Leasing not only offers a company more financial flexibility, allowing more money to remain in the cash flow but it can also help to build a strong credit history for the business due to the timely payments made each month. In terms of choosing a financier, it pays to choose a partner with experience in the security industry, given their prior knowledge of the sector and their established contacts database with equipment suppliers. They are also more likely to offer finance approval as they will be more aware of the returns-on-investment the asset can generate unlike a lender who has no previous involvement in the security industry.
2. Exploit hard assets
A company’s cash flow can easily be pushed to the limit. For security firms, money can be quickly swallowed up on business insurance, marketing collateral, vehicles or even basic office equipment, such as printers and water coolers. If working capital is needed, it can be possible to borrow against existing hard assets that have a clear monetary value.
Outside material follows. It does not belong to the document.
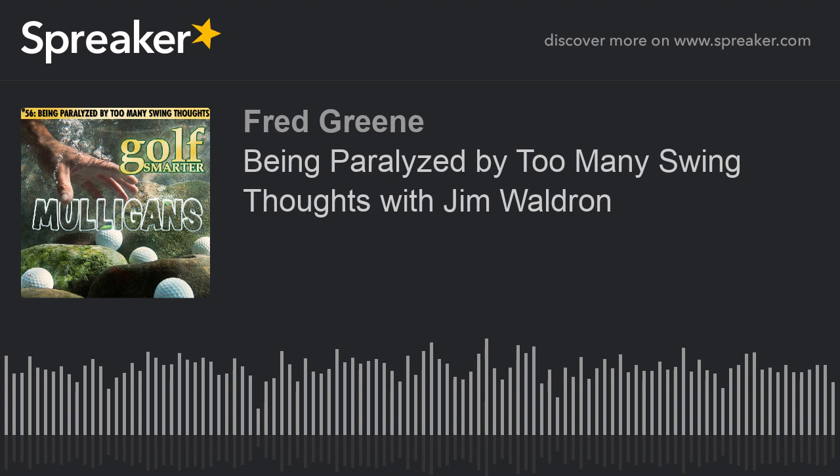Welcome to Golf Smarter Mulligans, number 56. I'm Fred Green. Good golf instruction, no matter how old, can be effective. That's why episode number 140 of Golf Smarter from August 2008 covers a topic that affects every single golfer, no matter what their skill level. When you address the ball, does this sound like what's going on in your head?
A reputable lender can offer to loan money against this equipment by completing a fair evaluation, while also taking account of other outstanding debts the company may have to determine whether the business can cover the new cost.
When it comes to equipment which is still subject to existing leasing terms and finance, the lender can offer to spread the remaining payments over a longer term to reduce monthly expenditure and help prevent cash flow from being pushed to the brink.
3. Invoice discounting or factoring?
There often comes a time when a client is late with paying their invoices or they work on 60 to 90-day payment terms. If the invoice was a relatively large one, this could have a detrimental effect on your business, especially when expenses such as staff wages are also leaving the cash flow. In such cases, a sizeable pool of working capital is required to make sure your business doesn’t go in the red. Invoice discounting and factoring enable companies to release the funds locked in invoices and inject it back into the cash flow. Invoice discounting is when the financier will lend money against unpaid bills but the organisation retains control over the sales ledger, meaning the client will not be aware that a third party supplier is being used.
On the other hand, invoice factoring involves an outsourced credit control and collection service where the financier takes over the sales ledger and takes responsibility for collecting debts.
4. Expansion by acquisition
Expansion by acquisition may represent the best option for security firms eyeing rapid growth or wanting to increase market share swiftly. This includes buying a property’s lease, estate, equipment and facilities. Funding for the takeover could come from the acquiring company’s debts, hard assets or even soft assets – equipment with little second-hand value – such as the telephone system.
If this direction is taken, it is important not to put both businesses at risk. In order to do this, the purchasing company first has to find the finance to fund the acquisition and then secure sufficient working capital for the day-to-day business operations – a two-fold process.
With bank lending still pretty anaemic in the current climate, it’s not uncommon for corporate funding applications to be turned down. However, just because the banks say ‘no’, it doesn’t mean your business plan is unviable. Alternative options are available for raising the necessary funding and can soon put your company on the road to growth, expansion and, ultimately, success.